Government Interventions in Competitive Markets
Textbook Chapter: Chapters 7 & 8
MobLab Game: Competitive Market
Key Teaching Points:
- Government interventions (per-unit taxes, subsidies, price ceilings and floors) alter equilibrium outcomes.
- Equilibrium outcomes do not depend on whether buyers or sellers pay the tax.
- The difference between tax incidence and who pays the tax.
- Relative elasticities determine incidence of a tax or subsidy.
- Excess supply (price floors) and excess demand (price ceilings).
- The efficiency implications of government interventions.
Externalities
Textbook Chapter: Chapter 10
MobLab Game: Judge Me Not
Key Teaching Points:
- When firms do not internalize external costs, profit maximization leads to inefficiently high levels of pollution.
Public Goods
Textbook Chapter: Chapter 11
MobLab Game: Discrete (Threshold) Public Goods
Key Teaching Points:
- Highlights the features of public goods: non-rival and non-excludable.
- Demonstrates the distinction between private and social benefits of public goods.
- Shows how individual profit maximization leads to the free-rider problem.
Monopoly Pricing
Textbook Chapter: Chapter 15
MobLab Game: Cournot (with Group Size=1)
Key Teaching Points:
- Monopolies restrict output in order to increase price.
- The tension between the quantity price effects of increased output.
Game Theory
Textbook Chapter: Chapter 17
MobLab Game: Prisoner’s Dilemma
Key Teaching Points:
- Key features of games: payoff matrices, best responses and dominant strategies.
- Identification of the Nash equilibrium.
- The (sometimes) conflicting incentives of cooperation and self-interest.

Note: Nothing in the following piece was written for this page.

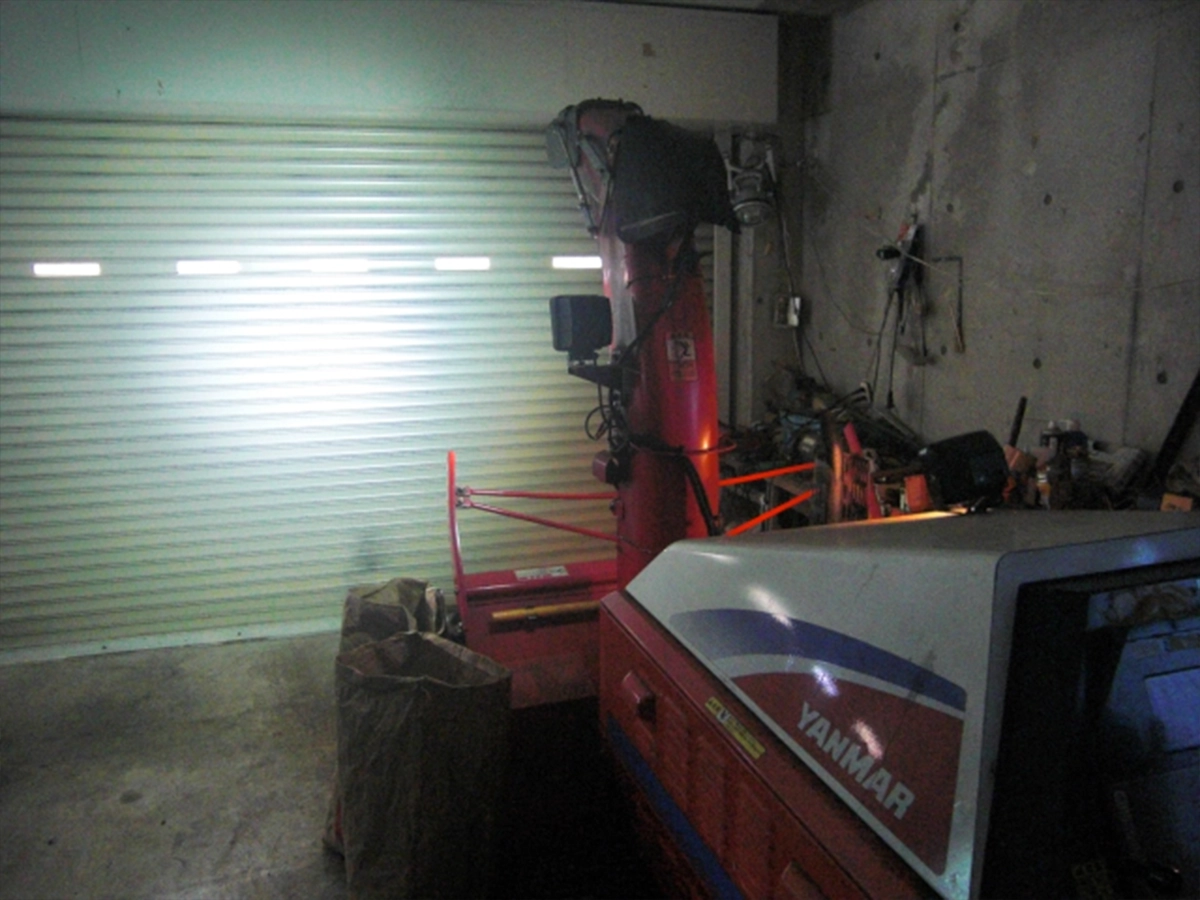 夜間の倉庫で、シャッターに向けて点灯するヤンマー除雪機のLED作業灯（投雪口設置）。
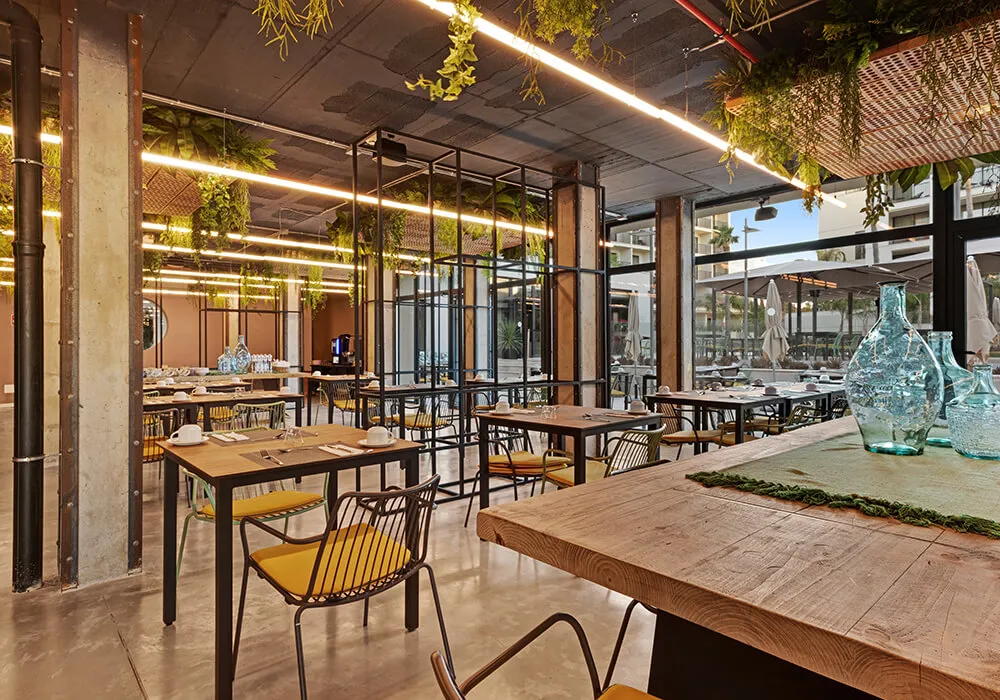 Restaurante moderno con mesas de madera, sillas amarillas y plantas colgantes.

- Repeated play may lead to more cooperative outcomes.
Oligopoly
Textbook Chapter: Chapter 17
MobLab Game: Cournot
Key Teaching Points:
- The underlying logic of the Cournot model: how market price is determined by aggregate output.
- The equilibrium outcomes of Cournot competition.
- Repeat interaction may lead to collusive behavior.
Labor Markets
Textbook Chapter: Chapter 18
MobLab Game: Simple Labor Market
Key Teaching Points:
- When a perfectly competitive market determines wages, the equilibrium wage (per unit of labor) is equal to the value of the marginal product of labor of the last worker hired.
Asymmetric Information (Adverse Selection)
Textbook Chapter: Chapter 22
MobLab Game: Market for Lemons
Key Teaching Points:
- Experience in a market with asymmetric information.
- Asymmetric information may lead to adverse selection and market failure.
Asset Valuation
Textbook Chapter: Chapter 27
MobLab Game: Bubbles and Crashes
Key Teaching Points:
- Highlights the determinants of an asset’s value: income generated and resale value.
- Shows how asset bubbles may develop even with complete information.
Money & Banking
Textbook Chapter: Chapter 29
MobLab Game: Bank Run
Key Teaching Points:
- Highlights the underlying concept of fractional banking.
- Demonstrates the trade-off between profit and risk and shows how bank runs may arise.
- Policy interventions, such as deposit insurance, can reduce the possibility of bank runs.
International Trade
Textbook Chapter: Chapters 31 & 32
MobLab Game: Comparative Advantage
Key Teaching Points:
- The distinction between absolute and comparative advantage.
- Experience first-hand the gains from specialization and trade.
- Differences in opportunity costs lead to mutually beneficial trade.